As part of the protest, the
three nuns cut through a chain-link fence around a Minuteman III missile silo.
There is only a light fence because the missile is protected by a 110-ton
concrete cap that is designed to withstand a nuclear explosion. The nuns
proceeded to paint crosses on the cap and symbolically hit it with hammers.
They then knelt, prayed, sang religious songs and waited for arrest. The most
the government could allege in terms of damage was $3,000.
However, the
Ashcroft Justice Department wanted more than compensation and a common
misdemeanor. It charged the nuns with obstructing
national defense, which
subjected each to a potential 30-year prison term. When the government pushed
the court to impose sentences of as much as eight years, the judge refused.

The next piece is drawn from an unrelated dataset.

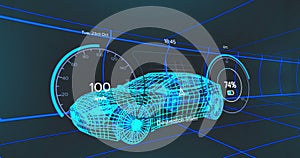 Animation of speedometers and numbers over 3d model of car against grid pattern on black background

However, the judge found, as alleged by the government, that the three nuns
had put military personnel "in harm's way." Accordingly, he imposed on them
sentences ranging from 2 1/2 years to 3 1/2 years.
The administration
has pursued a similar zero-tolerance policy in other cases. It has been
accused of using unconstitutional
"trap-and-arrest" tactics to suppress
protests in Washington, D.C., where hundreds of journalists, bystanders and
student protesters were arrested en masse without a warning or an opportunity
to disperse. They were then left hog-tied in holding areas for as long as 20
hours, with their hands bound to their ankles.
The Greenpeace case is
particularly chilling because of the extraordinary effort to find a law that
could be used to pursue the organization. The 1872 law is a legal relic that
must have required much archeological digging through law books to
find.
It is also notable that other organizations have not faced such
attacks. For example, in this same judicial district in Florida, the
Cuban
American group Democracy Movement organized a
protest in which members sailed into a government-designated security zone.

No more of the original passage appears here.